“Eh, eh!” said Master Simon. “Back from the prophetess’s jam-pots?” He fondled the hand she had laid on his knee. “Did the virtuous woman open her mouth with wisdom, while you, my girl, girded your loins with strength? We were talking of you, my girl. Ah, David, did I not do well for both you and me, when I craved house-room at Bindon for this Exception-to-her-Sex?”
David did not answer. But in the gloom she felt his eye upon her, and her heart throbbed. Master Simon, after a little pause, resumed the thread of his discourse.
“Ha, I am a mass of selfishness, a mass of selfishness! And the plant of True Grace is found; the Euphrosinum is found, Sir David Cheveral. Found, planted, culled and tested.” The utmost triumph was in his accents. “Aye, my dear young man, you will be rejoiced to hear that the effects of this most precious of simples have in no wise been overrated by the writers of old. They have far exceeded my most sanguine expectation. Why, sir, I said to myself: this fellow, this John Cantrip with his evil spleen, he has been marked by destiny for the first experiment. I prepared a decoction, making it duly palatable (for if you will remember your natural history, even bears like honey), I bade the poor, much-tried wife—he had just deprived her of both her front teeth—place a spoonful daily in his morning draught. That was a week ago. She came here this morning ... you will hardly credit it——”

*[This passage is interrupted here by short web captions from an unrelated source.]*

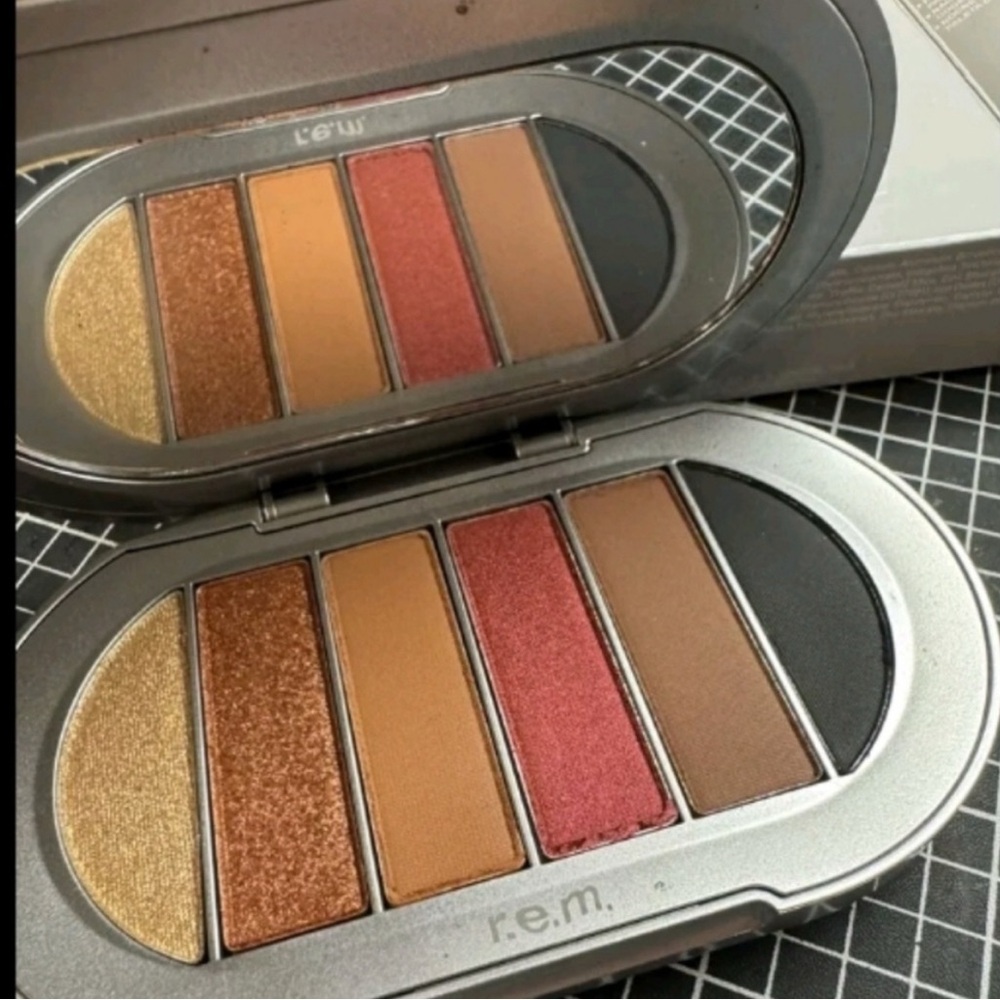 R.E.M. Beauty Midnight Shadow Palette in Principessa Eyeshadow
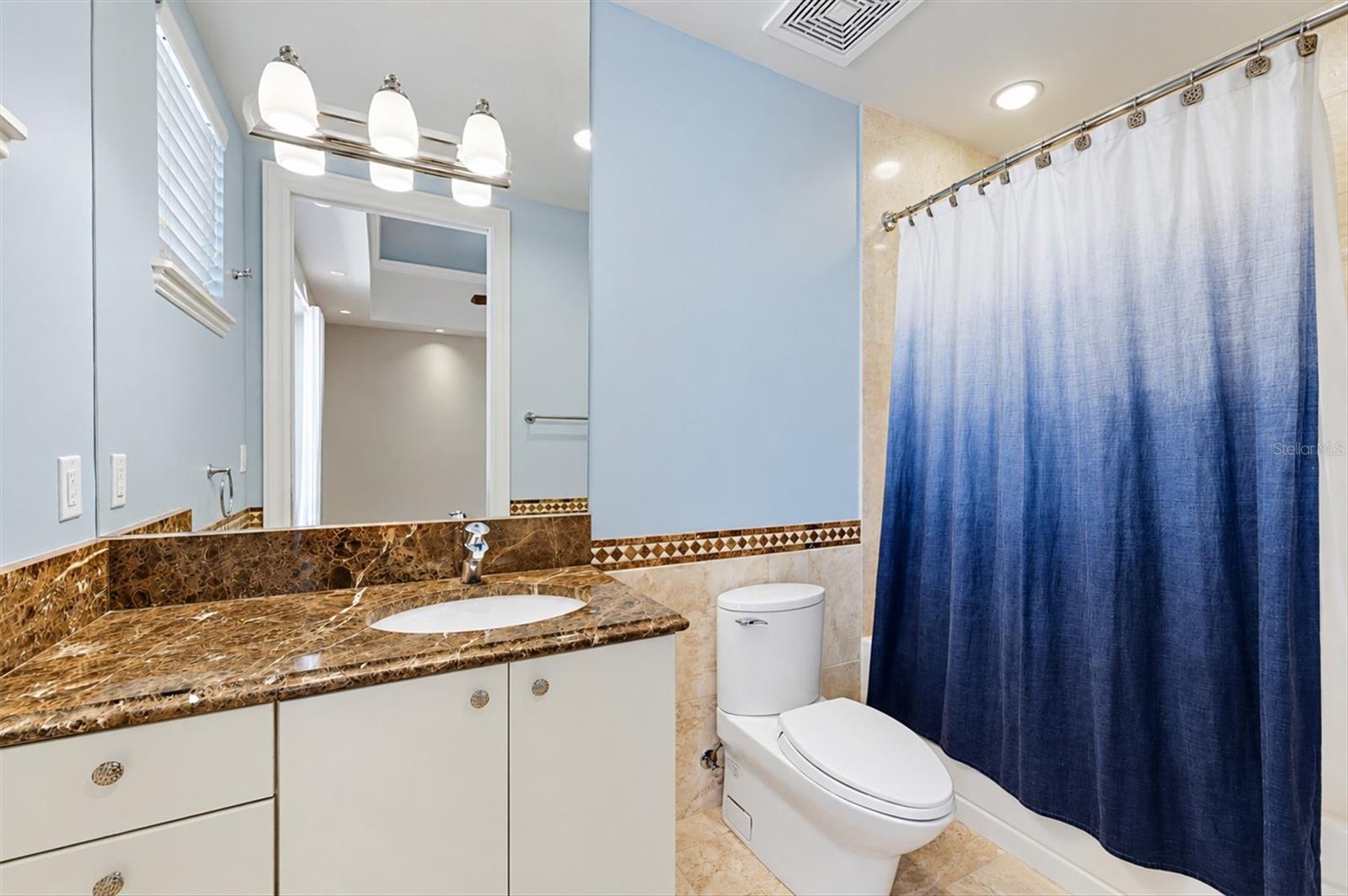 420 Golden Gate Pt #700 Property Photo 56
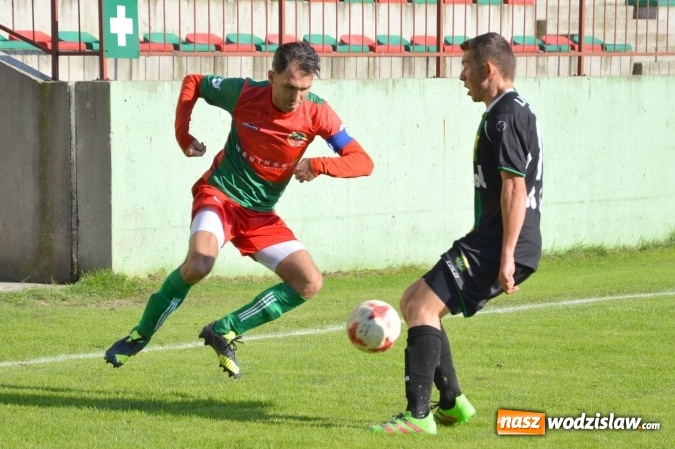 Zdjęcie w galerii na portalu naszwodzislaw.com: Niespodzianka w Turzy Śląskiej. Rudzki Buk z kompletem punktów wiadomości z regionu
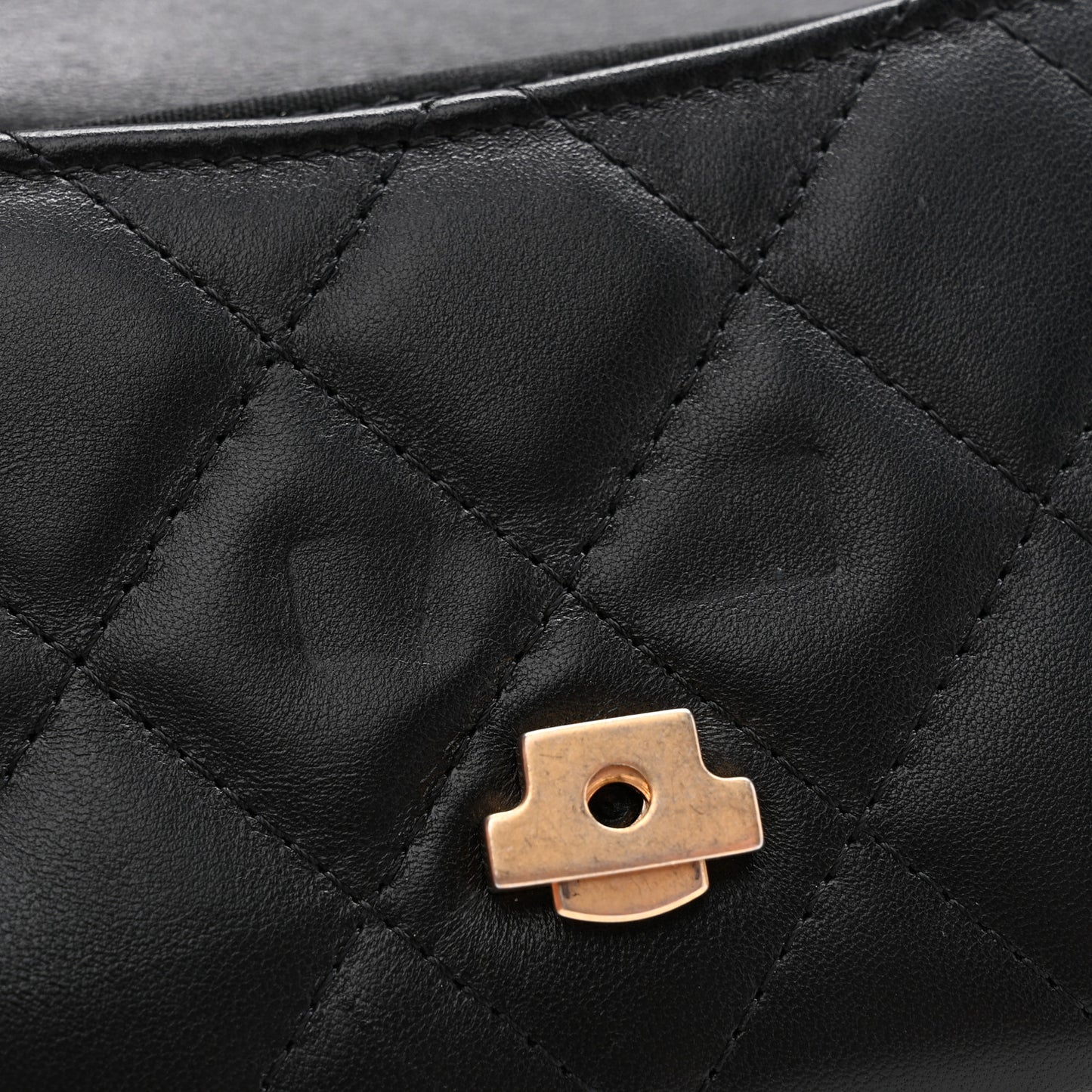 Lambskin Quilted CC Chic Flap Card Holder Black Gold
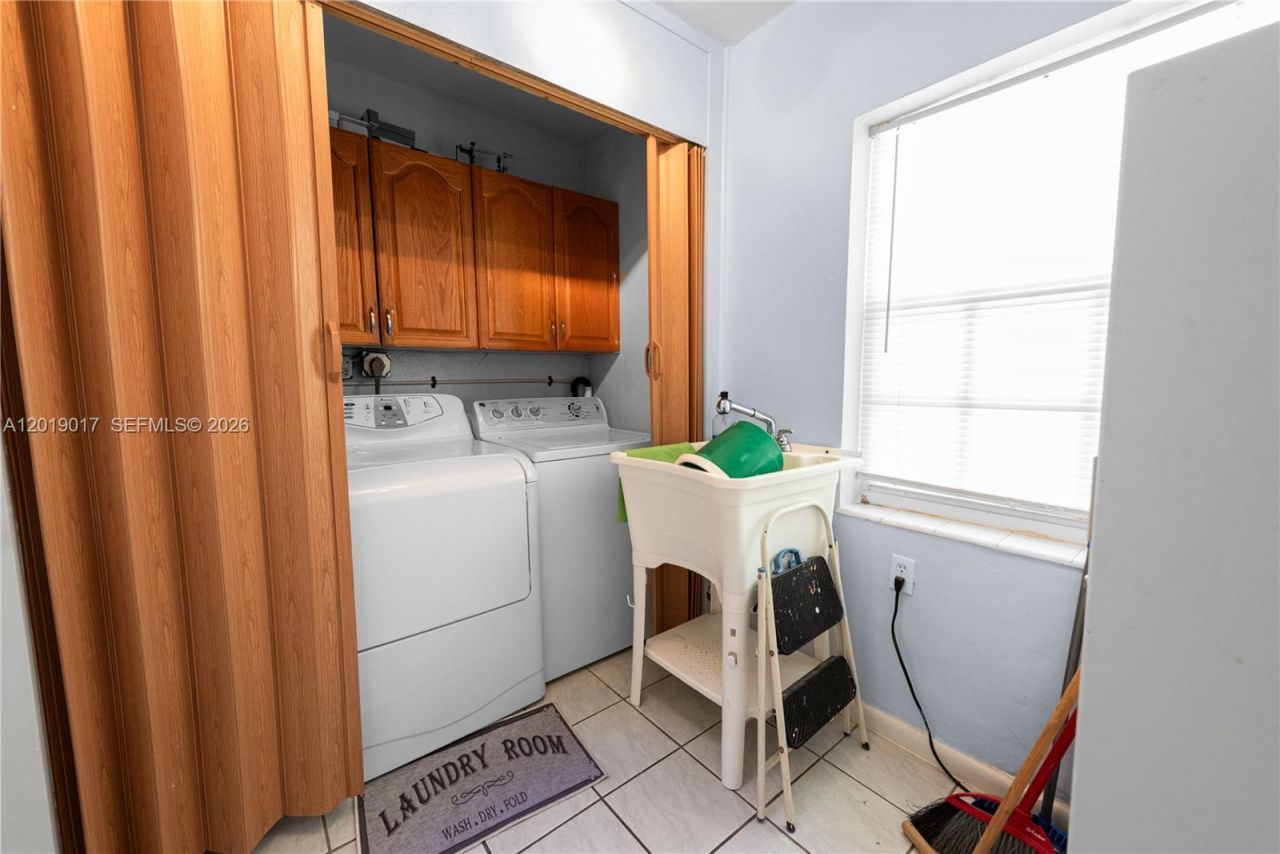 731 NW 17th St , Homestead, FL 33030 Photo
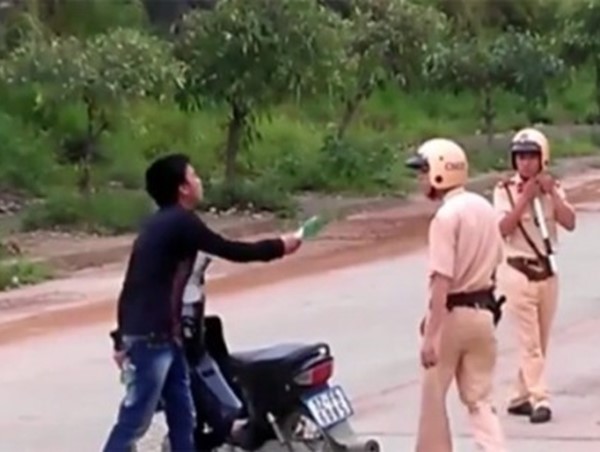 Liên tục tái diễn hành vi xúc phạm, không chấp hành hiệu lệnh CSGT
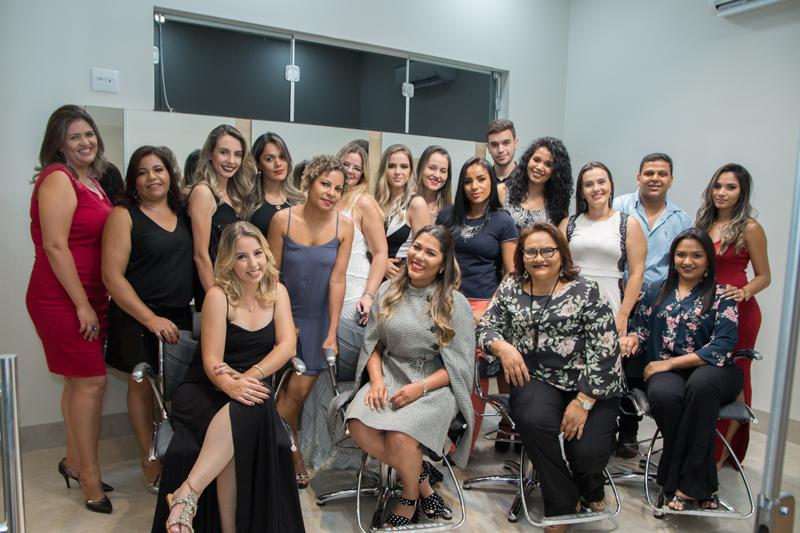 Equipe Divine: em pé, Jane Andrade, Márcia Rodrigues, Lays Tomé, Mariana Diniz, Renata Volpini, Daiane Marques, Maisa Bellamio, Alini Dias, Juninho Alves, Lidiane Conti, Daiana Moraes, Enara Soares, Giovani Santiago, Jaqueline Conti. Sentadas, Lorena Tomé, Carol Aguiar, Francisca Cunha, Nayara Duarte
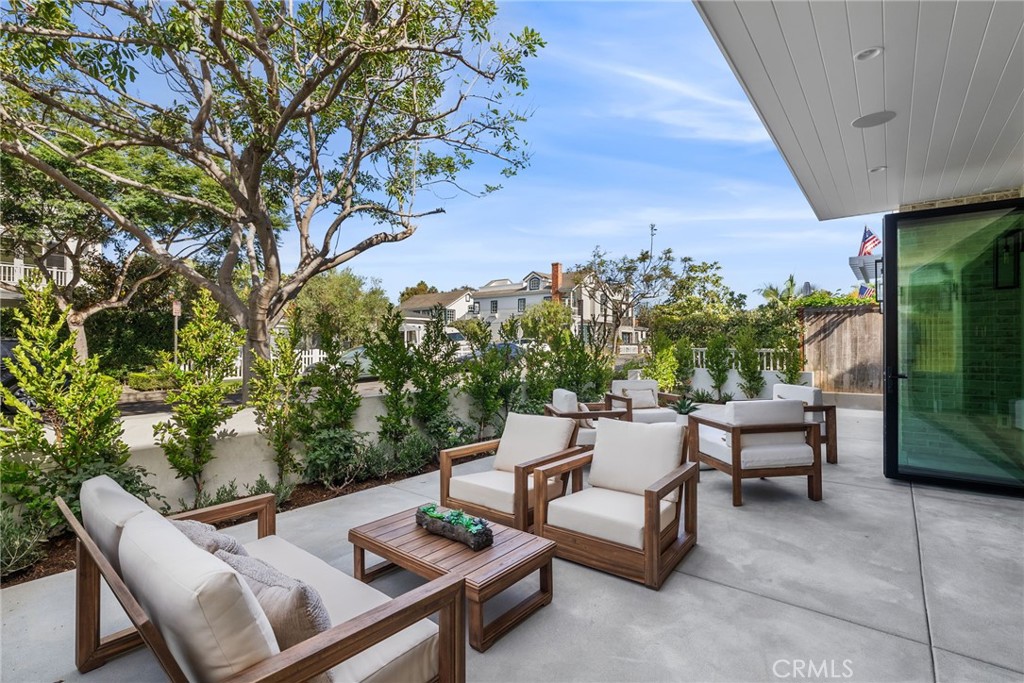 Corona del Mar South of PCH (CDMS) - Residential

The speaker paused, became absorbed in a delightful memory and began to laugh softly to himself. And the infection again gained the listener.
“Well, sir, has the bear turned to lamb? And is the dame content with the metamorphosis?”
“You will hardly credit it,” repeated the simpler, rubbing his hands, “the silly woman was beside herself with the most intemperate passion. There was no sort of abuse she did not heap upon me. She swears I have bewitched her husband and that she will have the law of me. He, he! You must know, David, the fellow is a carpenter; and, although his tempers were objectionable, he was a good worker. Indeed, I gather that the exasperated condition of his system found relief in the constant hammering of nails, punching of holes, sawing and planing of hard substance. But now——” Again delighted chuckle and mental review took the place of speech.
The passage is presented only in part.